# [WHAT TO PRODUCE]
Leave out the pictures and retype exactly the lines from the one with "هودی Knicks" through the end of the records.

# [SUPPLIED MATERIAL]
= = = = = = =

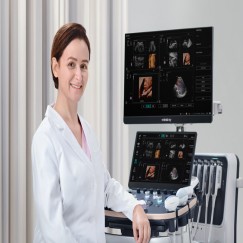 Máy siêu âm Mindray Nuewa i9  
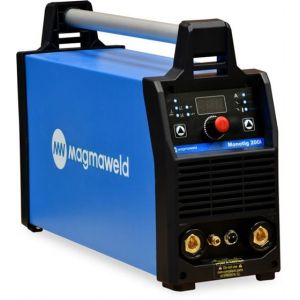 Poste &agrave; souder TIG MONOTIG 200i HF 230V monophas&eacute; - MAGMAWELD - 511020N2MF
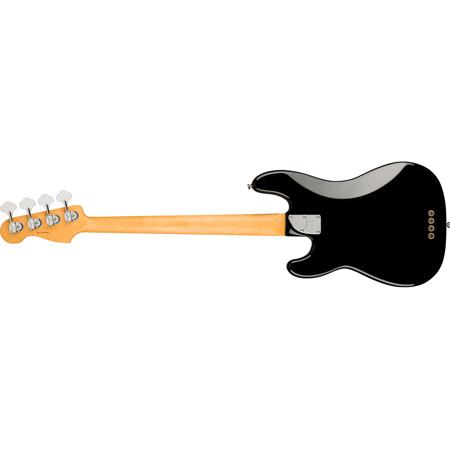 Fender American Professional II Precision Bass Guitar, Maple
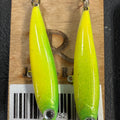  Electric Green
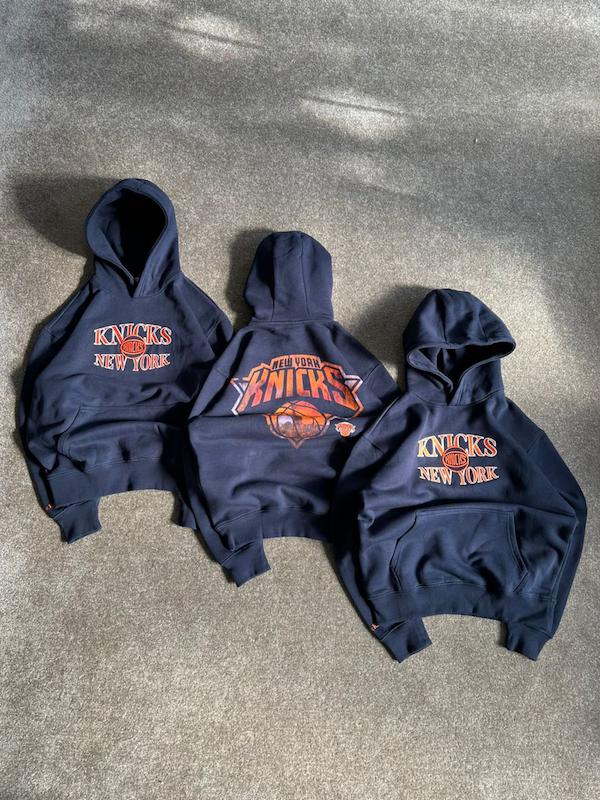 هودی Knicks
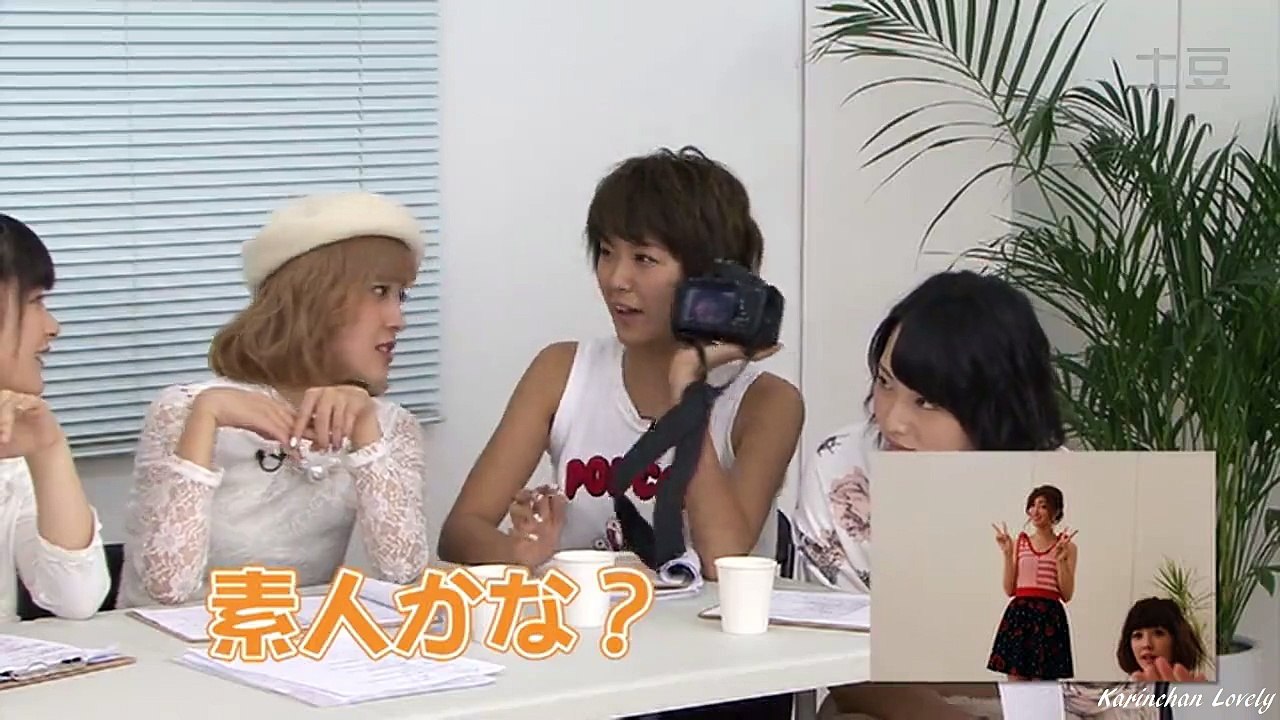 Berryz工房 DVD Magazine vol.40 part2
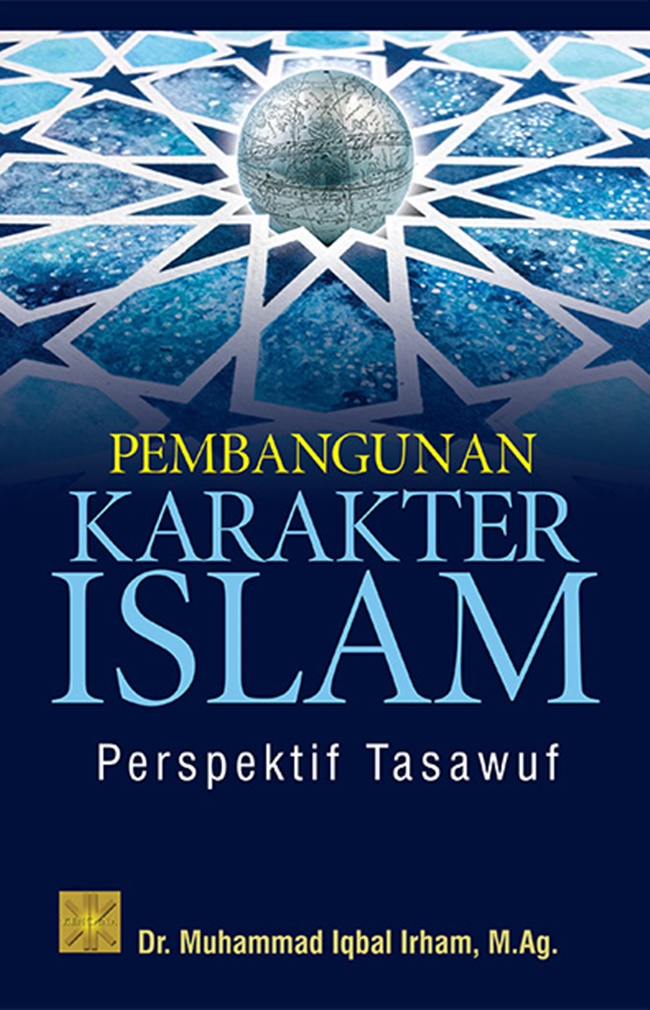 Detail Buku Islam Best Seller Nomer 51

= = = = = = =

# [TASK SOLUTION]
 هودی Knicks
 Berryz工房 DVD Magazine vol.40 part2
 Detail Buku Islam Best Seller Nomer 51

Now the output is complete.